_Requirement_
The output should be every line below, retyped exactly, with no images.

_Raw data_
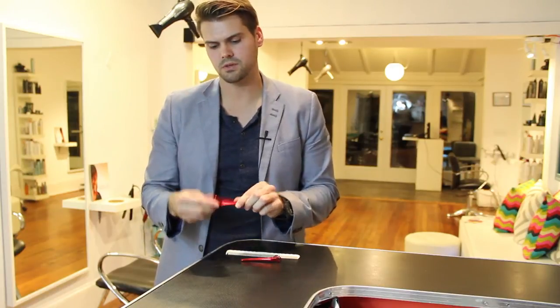I like a clip with a little bit more of a pointed end on it, or something that helps me section a little bit. But for the most part, I love these clips. I use them every day, so definitely something to check out.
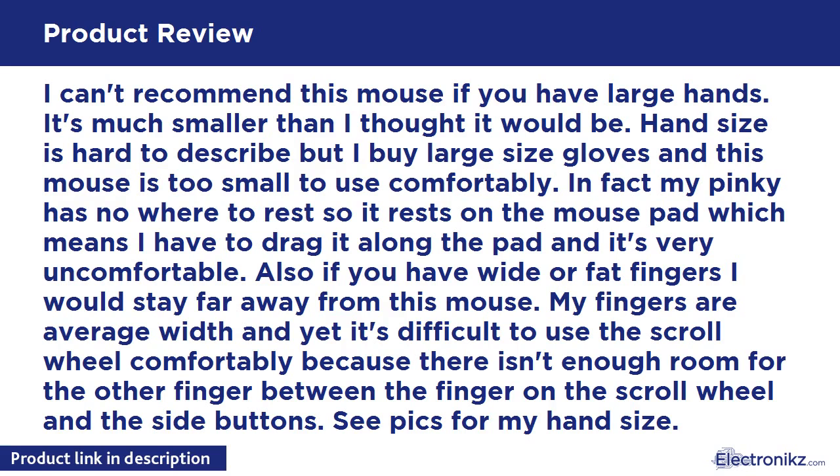I can't recommend this mouse if you have large hands. It's much smaller than I thought it would be. Hand size is hard to describe, but I buy large size gloves and this mouse is too small to use comfortably. In fact, my pinky has nowhere to rest, so it rests on the mouse pad, which means I have to drag it along the pad and it's very uncomfortable.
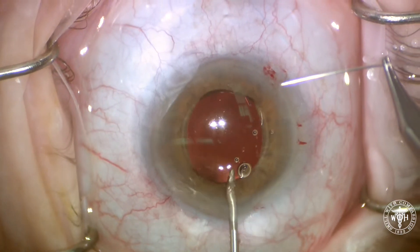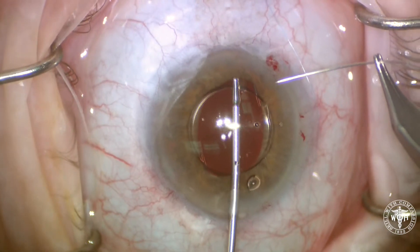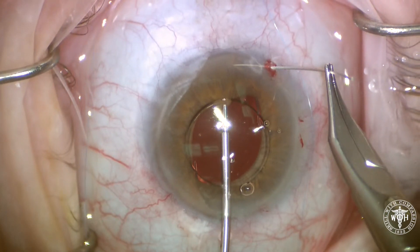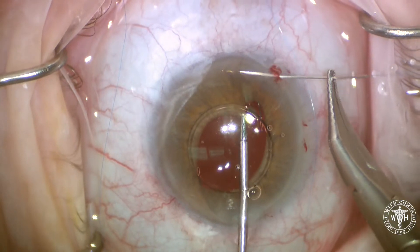The first thing we're going to do is capture the three-piece IOL by injecting some Miochol. Since I didn't get a very good miotic reaction, I'm actually grabbing the iris with a micro holder to put the iris on a little bit of stretch.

_Answer space_
I like a clip with a little bit more of a pointed end on it, or something that helps me section a little bit. But for the most part, I love these clips. I use them every day, so definitely something to check out.
I can't recommend this mouse if you have large hands. It's much smaller than I thought it would be. Hand size is hard to describe, but I buy large size gloves and this mouse is too small to use comfortably. In fact, my pinky has nowhere to rest, so it rests on the mouse pad, which means I have to drag it along the pad and it's very uncomfortable.
The first thing we're going to do is capture the three-piece IOL by injecting some Miochol. Since I didn't get a very good miotic reaction, I'm actually grabbing the iris with a micro holder to put the iris on a little bit of stretch.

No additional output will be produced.